When an insolvent company goes into liquidation it’s accepted that not all creditors will get paid 100 cents in the dollar. However it often comes as a shock to creditors when the liquidator requires them to refund payments that had been made up to two years before the company was liquidated.

The liquidator of a company has an obligation under the Companies Act 1993 to fairly distribute the company’s assets to its creditors. In doing so the liquidator may choose to claw back payments which the company made from up to two years before the liquidation. The liquidator then makes those funds available to the general body of creditors. The payments that are clawed back are called ‘voidable transactions’.

Voidable transactions pose a significant risk for businesses that trade on a credit basis; the construction industry is a particularly good example. In the last six years following the 2008 property market collapse, there have been numerous liquidations of companies throughout the construction industry and, consequentially, many demands for repayment of transactions considered ‘voidable’.

It’s about fairness to all

The voidable transaction regime, as contained in ss292-296 of the Companies Act, operates on the assumption that a liquidated company trades while insolvent for some time before it’s placed into liquidation. It’s therefore considered fair that all parties who traded with the company during that period of insolvency bear an equal burden of having traded with an insolvent company. While a demand from a liquidator to refund a, usually long overdue, payment may not seem that fair when you receive it, the overall objective of the voidable transaction regime is not to penalise creditors but to achieve fairness to all. This fairness is achieved by, in the words of the Court of Appeal, “swell[ing] the pool of funds available to the company to be shared rateably amongst all creditors”1.

Transactions are considered voidable under s292 if two criteria are met. First, the payment must have been made when the company was unable to pay its debts. Second, the payment must allow the recipient to receive more than they would have received in the company’s liquidation. During the six months immediately preceding the start of the liquidation, the company is presumed unable to pay its due debts. In other words, the first criteria is presumed to be met. Outside this period the liquidator must show evidence that the company was unable to pay its bills. Whether a payment allows the recipient to obtain more in a liquidation than they would have otherwise received is a straight comparison between the amount the recipient actually received and the amount that the recipient would have as part of the general body of creditors in the liquidation, had the payment not been made.
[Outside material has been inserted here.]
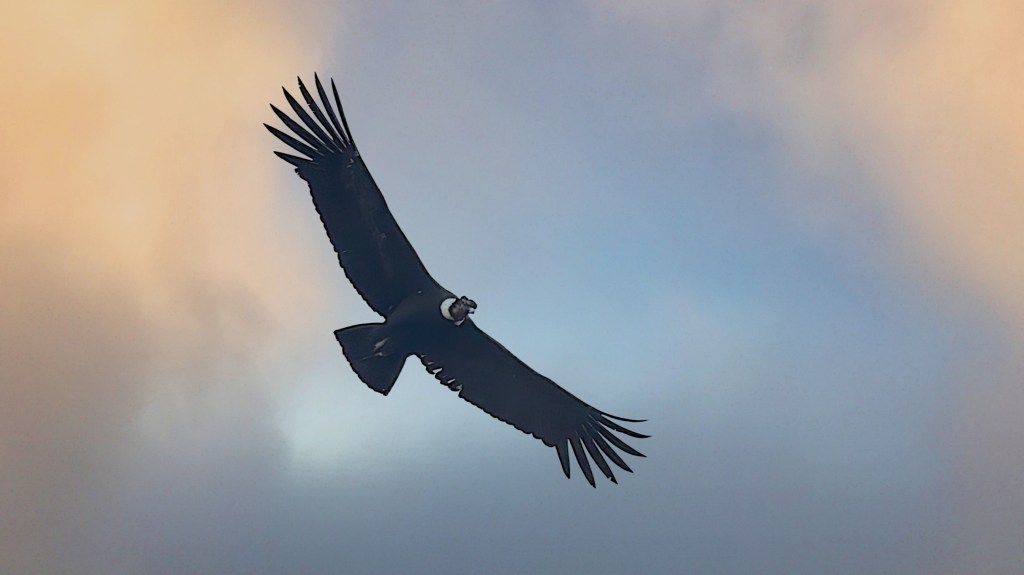 A majestic bird of prey soaring gracefully against a cloudy sky, showcasing its large wingspan.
Transaction perhaps not voidable?

Under s296(3) transactions are not voidable if the recipient can demonstrate all three of the following when they received payment: they acted in good faith, a reasonable person in their position would not have suspected that the company was (or would become) insolvent, and they gave value for the property or altered their position in the reasonably held belief that the payment was valid.

While there‘s no sure way to avoid having payments clawed back under the voidable transactions regime, the following may limit your exposure:

  • If you supply goods on credit, ensure that those goods are the subject of a security interest properly registered on the Personal Property Security Register, and
  • If you have any reason to suspect that a company is facing financial difficulties, insist that all future transactions are conducted on a cash on delivery basis.

 

It’s also important that you respond promptly to a demand for repayment of a voidable transaction. If you don’t file and serve an objection notice within the statutory period of 20 working days, it may result in the liquidator’s decision being unchallengeable2 and, by default, you will required to make the repayment.